In an additional contention related to the brutal and heinous aggravating circumstance found in section 9-1(b)(7), the defendant briefly argues that trial counsel was ineffective for failing to make any challenge to the constitutionality of that provision. The defendant asserts that the terms of the statute are unconstitutionally vague. See Maynard v. Cartwright, 486 U.S. 356, 100 L. Ed. 2d 372, 108 S. Ct. 1853 (1988).

The present argument assumes, of course, that the provision is constitutionally infirm and therefore susceptible to challenge. This court has previously determined that the aggravating circumstance set forth in section 9-1(b)(7) passes constitutional muster, however, when it is coupled with a limiting construction, and the defendant makes no challenge to the limiting construction provided to the sentencing jury in the present case.

A limiting construction may save a statutory aggravating circumstance that must otherwise be considered unconstitutionally vague under the eighth amendment. See Arave v. Creech, 507 U.S. 463, 471, 123 L. Ed. 2d 188, 198, 113 S. Ct. 1534, 1541 (1993) ("Unlike the Court of Appeals, we do not believe it is necessary to decide whether the statutory phrase 'utter disregard for human life' itself passes constitutional muster. The Idaho Supreme Court has adopted a limiting construction, and we believe that construction meets constitutional requirements"); Walton v. Arizona, 497 U.S. 639, 654, 111 L. Ed. 2d 511, 529, 110 S. Ct. 3047, 3057 (1990) ("In this case there is no serious argument that Arizona's 'especially heinous, cruel or depraved' aggravating factor is not facially vague. But the Arizona Supreme Court has sought to give substance to the operative terms, and we find that its construction meets constitutional requirements").

In People v. Lucas, 132 Ill. 2d 399, 444, 139 Ill. Dec. 447, 548 N.E.2d 1003 (1989), the court agreed with the defendant's argument that section 9-1(b)(7) "was unconstitutionally applied in his case because his conduct did not rise to the level of 'exceptionally brutal or heinous' behavior." In resolving that question, the court looked to case law and dictionary definitions of the relevant terms and noted that "cases in which this court has found brutal or heinous behavior to be present have generally involved prolonged pain, torture or premeditation." Lucas, 132 Ill. 2d at 445. The court found that the defendant's actions did not meet any of those criteria, and the court thus concluded that the defendant was not eligible for the death penalty on the basis of the "exceptionally brutal" aggravating circumstance contained in section 9-1(b)(7).

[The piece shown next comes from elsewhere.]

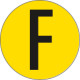Bollo fondo giallo lettera"F" colore nero autoadesivo per pavimenti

Later, in People v. Tye, 141 Ill. 2d 1, 152 Ill. Dec. 249, 565 N.E.2d 931 (1990), and in People v. Fair, 159 Ill. 2d 51, 201 Ill. Dec. 23, 636 N.E.2d 455 (1994), this court undertook a similar analysis, measuring the actions of the defendants in those cases against the definitions that had been formulated in Lucas. In both Tye and Fair the court concluded that the defendants had acted with the requisite brutality and upheld the determinations that the defendants were eligible for the death penalty under section 9-1(b)(7).

In the present case, the trial judge specifically instructed the jury on the meanings of the terms used in section 9-1(b)(7). See Illinois Pattern Jury Instructions, Criminal, No. 7B.07 (3d ed. Supp. 1996). The defendant has not challenged the definitions contained in the pattern instructions and given to the jurors in this case. Because the defendant has not established the predicate for an ineffective-assistance claim, we need not consider this issue further.

In his next series of arguments, the defendant raises several challenges to the prosecutor's closing argument at the second stage of the capital sentencing hearing. The defendant first complains of the following comment, made by the prosecutor in summation:

"This defendant referred to Matthew at one time during his testimony as the kid that died. He's never said he's sorry. You heard his father testify, and I asked him if he ever said he's sorry. He's never said that. He's cold. He's evil. He's devoid of mercy, compassion. He's devoid of human values."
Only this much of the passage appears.